Ma ora è tutto perfetto. In ordine, il tavolo. I libri, nell’angolo. Le penne, non cadono. La mia stanza minuscola s’è allargata parecchio, i cappotti sull’attaccapanni dietro la porta e non più sulle ante aperte del piccolo armadio, che è al centro dell’altra parete tra un ammasso di tomi e la scrivania a fare anche da appoggio per lo stereo. Dalla parte opposta, quella tv di vent’anni fa se ne sta sul suo mobiletto marrone a fissarci tremolante, noi lontanissimi su questo letto una piazza e mezza. Abbiamo razionalizzato tutto, tesoro, che bravi che siamo stati.
E ora le mie
labbra, merda, si schiudono appena per dirti di Antonio, che non è manco il gran
genio che si sente anzi, lo vuoi sapere?, mi sta proprio sui coglioni. E tutto
questo invece di sfiorare leggère la pelle di un corpo che conosco a
perfezione. Proprio come la mappa di Calatafimi. Conoscerci era organizzare quella
caccia al tesoro, segnare un punto in piazza Mazzini e baciare il neo sul tuo ginocchio
sinistro, con le dita percorrere corso Garibaldi e le tue vene in bella vista
sull’avambraccio, sulla cartina disegnare un cerchio e sulla pancia farti il
solletico.
Finalmente ho
capito, piccola mia, a cosa serviva il disordine di questa stanza. Il nostro
amore ci si nascondeva benissimo, dev’essere così che sopravviveva all’organizzazione
precisa della vita vera là fuori. In fondo l’amore è caos, o no? La tempesta
perfetta che ti sconvolge e fa pulizia dentro il tuo marcio, dicono. Adesso che
abbiamo rassettato, dove potrebbe mai andare a cacciarsi, il nostro povero
amore, senza farsi beccare?
La nostra
storia è finita. Non da dieci minuti. Non sulle scale di casa tua. Non con te
che mi urli di andare. La nostra storia è finita. Chissà quanto tempo fa. Sui
gradini della chiesa, la mia prima sigaretta, la prima di una vita nuova. È ancora
presto, aspetto che di fronte apra la tintoria. Pollice e indice, prendo la
cicca e la caccio via. La nostra storia è finita quando ho smesso di fumare.
L’orologio
della farmacia nella piazza segna esattamente le quindici e cinquanta, la
signora con un chihuahua nella borsa si nasconde dietro gli occhiali scuri di Prada
e in equilibrio sul suo tacco dodici semina sciccheria.

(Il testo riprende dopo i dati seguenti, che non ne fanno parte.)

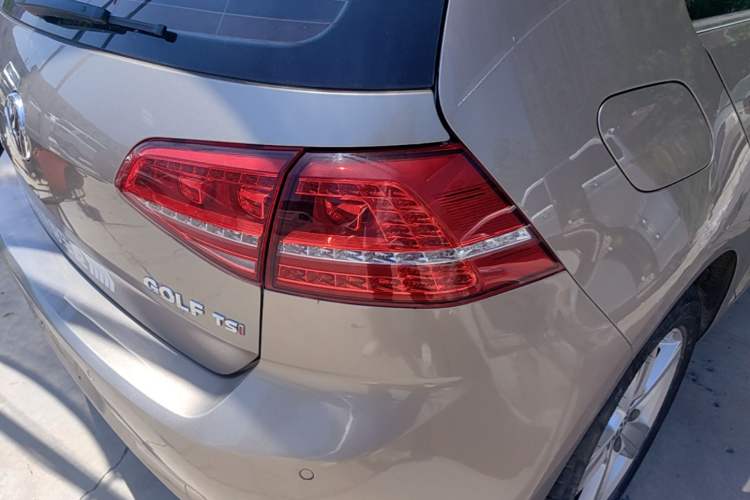 Used Volkswagen Golf 2015 1.4TSI Automatic Comfort Model Right Rear Taillight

Tra noi non è finita nemmeno
stamattina, litigando in cucina mentre mi lanci il tuo robottino ancora acceso
che roteando spara bucce di carote. È finita quando ho smesso di guardare il
culo di signore come questa. Perché poi ho dimenticato com’era tondo il tuo.
Seduto qua è davvero
poetico quell’angolino col suo vecchio lampione romboidale, l’asse di ferro che
lo sostiene fa un sacco neorealismo, l’avvocato prova a rovinarlo passandoci sotto,
schiva una pozzanghera e poi si dirige in ufficio con il Corriere della Sera
sotto l’ascella destra. Non è finita neanche stanotte, amore mio, stanotte che rientrando
hai trovato il biglietto firmato “Michela” nel mio cappotto e scritto sopra “Ti
amo tanto”. È finita quando ho smesso di incuriosirmi della gente intorno.
Ogni dettaglio
è in armonia con il quadro, pomeriggio di centro città, la sua figura arriva d’un
tratto a sfasciare l’equilibrio. A passo accelerato, una borsa di pelle in una
mano e un impermeabile beige da ispettore Zenigata appoggiato a metà dell’altro
braccio, lo vedi correre verso la sua donna. Tanto è avulso da quell’ambiente
quanto sudato, sotto le lenti rettangolari un’aria leggermente antiquata. E lei
lì, piena di buste ad aspettarlo, che scoppia a ridere davanti al suo affanno.
Gli asciuga le guance che colano, ci stampa sopra un bacio. La nostra storia è
finita, bella mia. È finita quando abbiamo smesso di essere loro.
E giusto per
tua informazione, la Michela del biglietto non è affatto una puttana. O almeno
non lo so. Ben che vada sarà la ragazza del proprietario dello spolverino in
cui l’hai trovato. Sono meno cinque, a momenti riapre la tintoria e mi ridanno
il mio. Ma che sto a spiegartelo, ormai. È tutto perfetto, la nostra storia è finita.